Another thing that worries me is your statement that you pity anyone who tries to take a marrow bone away from her. If you were serious, this tells me that the problem isn't with the grooming table, it's with your puppy's idea of where she fits in with the order of the pack. I think you need to work on her "too big for her britches" attitude before it escalates and starts flowing over to other areas, such as when you tell her to move if she's in your way, etc. 




Finn's Fan said:


> I wouldn't take her off the table and stop the grooming when she growls and nips. That reinforces that nasty behavior works like a charm. Even if you want to stop the nail clipping, you might want to switch to combing or something else while still on the table. Wait a bit to break the growl/nip/"yay I got to get down" connection. Welcome to puppy adolescence


----------



## Florabora22 (Nov 30, 2008)

hotel4dogs said:


> I think what Finn's Fan said can't be overemphasized. You've already taught her now that growling and nipping works. You're going to have to un-teach it by keeping her on the table when she starts.

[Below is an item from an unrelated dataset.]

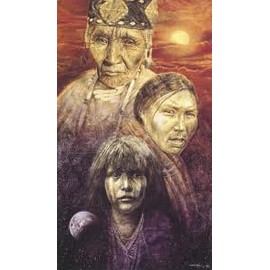 Serendipity Puzzles Night Song by David Behrens 1000 Pieces in Coin Bank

If she quickly sees that it gets her nowhere, she's much more likely to stop doing it.
> One thing I would suggest, though, is never try to do all the paws on one day at her age. Do ONE paw. Then praise her and let her down. Maybe even clip one nail, give her a treat, clip another, another treat. Let her learn that this, although not her favorite thing, isn't really all that horrible. Use high value treats.
> Another thing that worries me is your statement that you pity anyone who tries to take a marrow bone away from her. If you were serious, this tells me that the problem isn't with the grooming table, it's with your puppy's idea of where she fits in with the order of the pack. I think you need to work on her "too big for her britches" attitude before it escalates and starts flowing over to other areas, such as when you tell her to move if she's in your way, etc.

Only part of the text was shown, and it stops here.